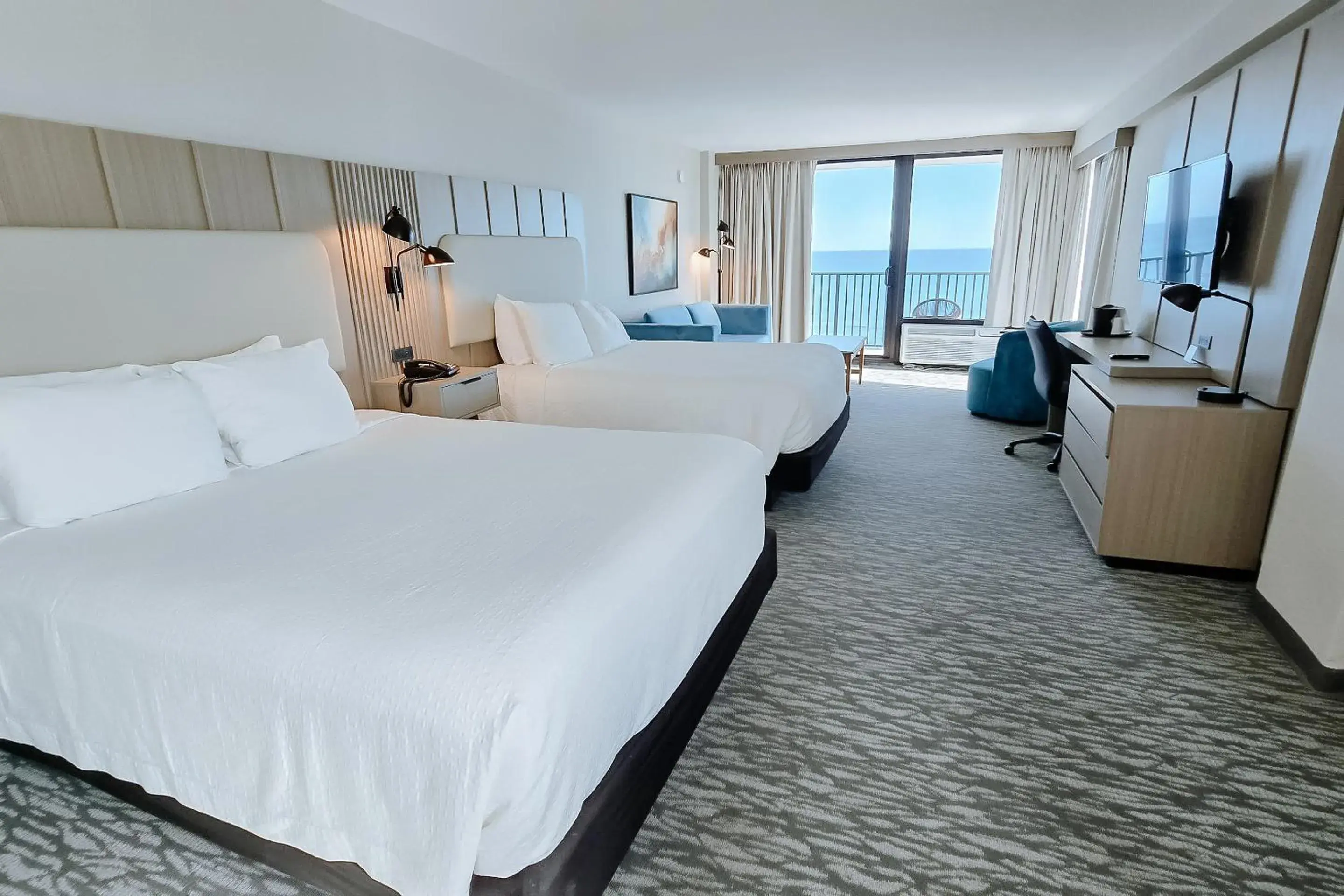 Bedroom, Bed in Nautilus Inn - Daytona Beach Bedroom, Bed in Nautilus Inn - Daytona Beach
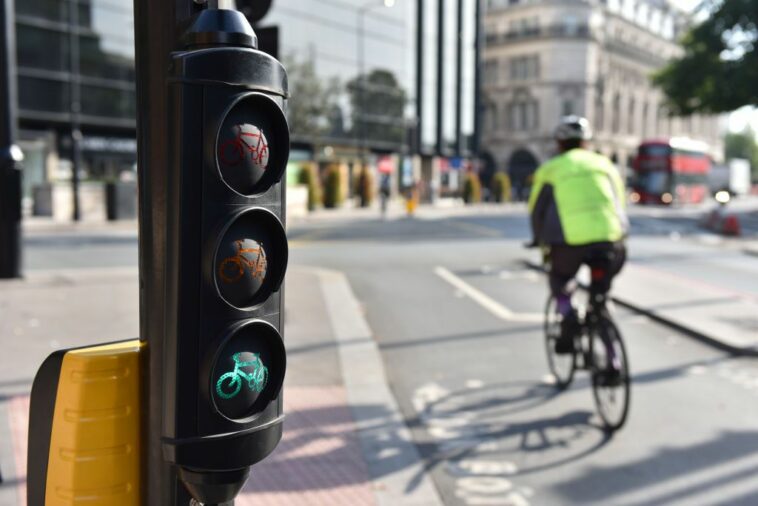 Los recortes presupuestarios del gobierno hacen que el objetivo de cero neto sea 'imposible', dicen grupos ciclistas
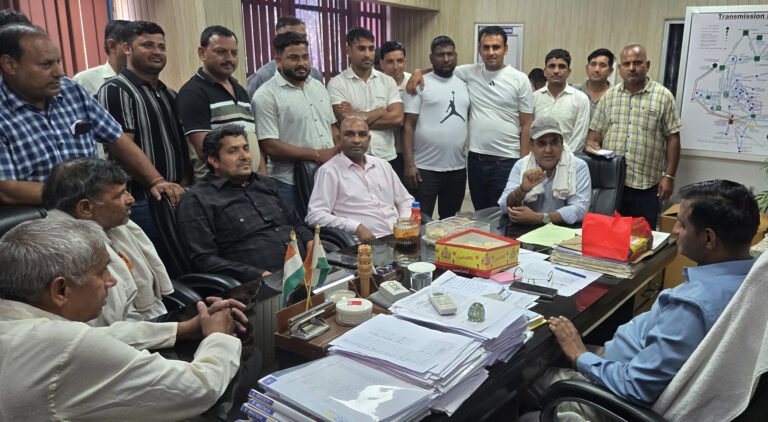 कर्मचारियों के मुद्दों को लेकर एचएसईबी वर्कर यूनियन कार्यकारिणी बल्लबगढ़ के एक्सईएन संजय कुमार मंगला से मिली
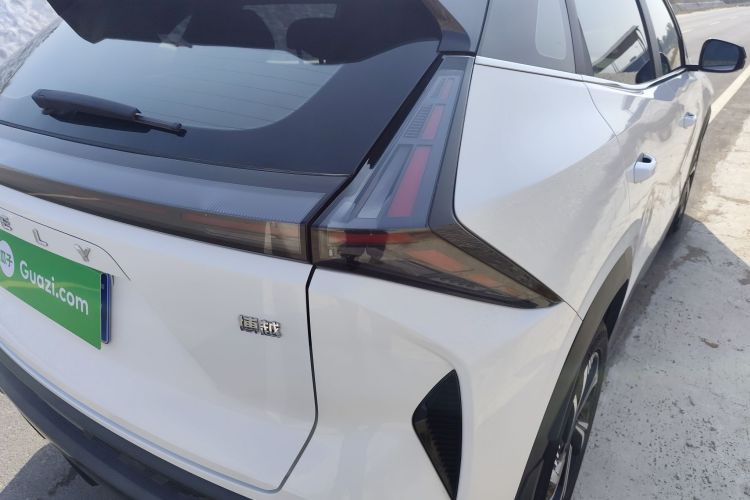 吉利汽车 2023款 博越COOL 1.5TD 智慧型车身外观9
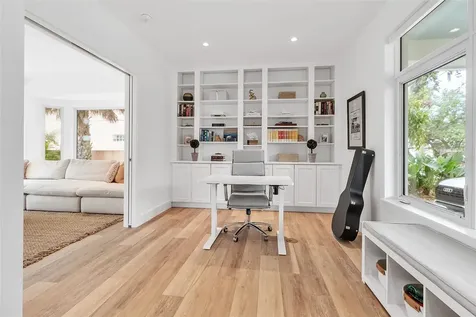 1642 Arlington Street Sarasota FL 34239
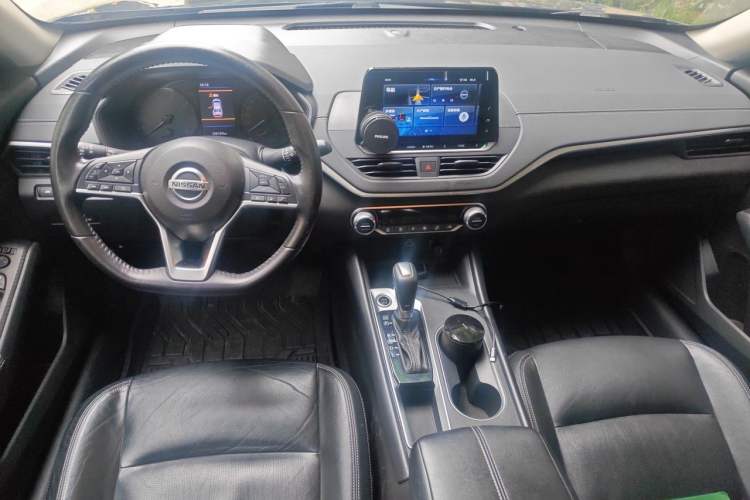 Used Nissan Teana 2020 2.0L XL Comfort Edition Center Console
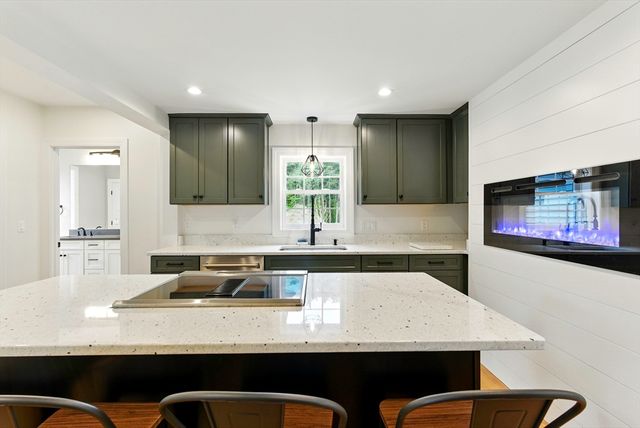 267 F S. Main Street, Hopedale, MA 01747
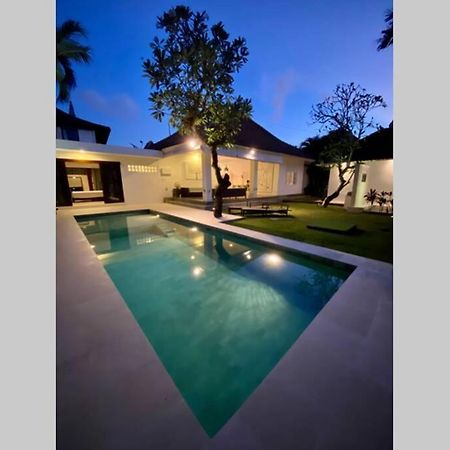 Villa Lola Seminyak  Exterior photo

————

Action item: Your answer must be the exact lines from the start of the data through the line with "Los recortes presupuestarios", inclusive, and nothing else; pictures do not belong in it.

Completed task:
 Bedroom, Bed in Nautilus Inn - Daytona Beach Bedroom, Bed in Nautilus Inn - Daytona Beach
 Los recortes presupuestarios del gobierno hacen que el objetivo de cero neto sea 'imposible', dicen grupos ciclistas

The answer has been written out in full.